El archivo tar es generado automáticamente por nuestro CI (integración continua) y contiene algunos archivos generados automáticamente: el analizador, los nodos AST y ASR, que es generado por un traductor ASDL (requiere Python).
Las instrucciones de git deben usarse al desarrollar LFortran en sí.

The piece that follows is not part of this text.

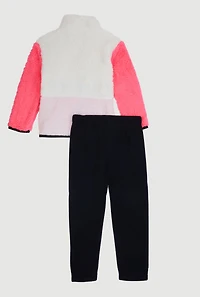 Little Girls Color Block Teddy Jacket and Sweatpants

Nota para usuarios que no utilizan Conda¶
Las siguientes son las dependencias necesarias para instalar este repositorio en modo de desarrollo,
binutils - 2.31.90: asegúrese de habilitar las opciones necesarias relacionadas con esta dependencia para crear la dinámica bibliotecas (las que terminan en
.so
).
Stacktraces¶
LFortran puede imprimir stacktraces cuando hay una excepción no controlada, así como en cualquier error del compilador con la opción --show-stacktrace
. Esto es muy útil para desarrollar el propio compilador para ver dónde está el problema en LFortran. La compatibilidad con stacktrace está desactivada de manera predeterminada; para habilitarla, compile LFortran con la opción cmake -DWITH_STACKTRACE=yes
después de instalar los requisitos previos en cada plataforma según las instrucciones a continuación.
LLVM¶
In all platforms having LLVM, stacktraces can be shown with LLVM, so no additional prerequisites are required. If LLVM is not available, you can use the following instructions, depending on your platform.
Ubuntu¶
En Ubuntu, apt install binutils-dev
.
macOS¶
Si usa el compilador Clang predeterminado en macOS, entonces los seguimientos de pila deberían funcionar tanto en macOS basados en Intel como en M1 (el sistema de compilación CMake invoca automáticamente la herramienta dsymtuil
y nuestras secuencias de comandos de Python para almacenar la información de depuración, consulte src/bin /CMakeLists.txt
para más detalles). Si no funciona, informe un error.
Si no le gusta la forma predeterminada, una alternativa es usar bintutils. Para eso, primero instale Spack, luego:
spack install binutils
spack find -p binutils
El último comando mostrará una ruta completa al paquete binutils
instalado. Agregue esta ruta a su archivo de configuración de la interfaz, por ejemplo:
export CMAKE_PREFIX_PATH_LFORTRAN=/Users/ondrej/repos/spack/opt/spack/darwin-catalina-broadwell/apple-clang-11.0.0/binutils-2.36.1-wy6osfm6bp2323g3jpv2sjuttthwx3gd
y compile LFortran con la opción cmake -DCMAKE_PREFIX_PATH="$CMAKE_PREFIX_PATH_LFORTRAN;$CONDA_PREFIX"
. El $CONDA_PREFIX
está ahí si instala algunas otras dependencias (como llvm
) usando Conda, de lo contrario, puede eliminarlo.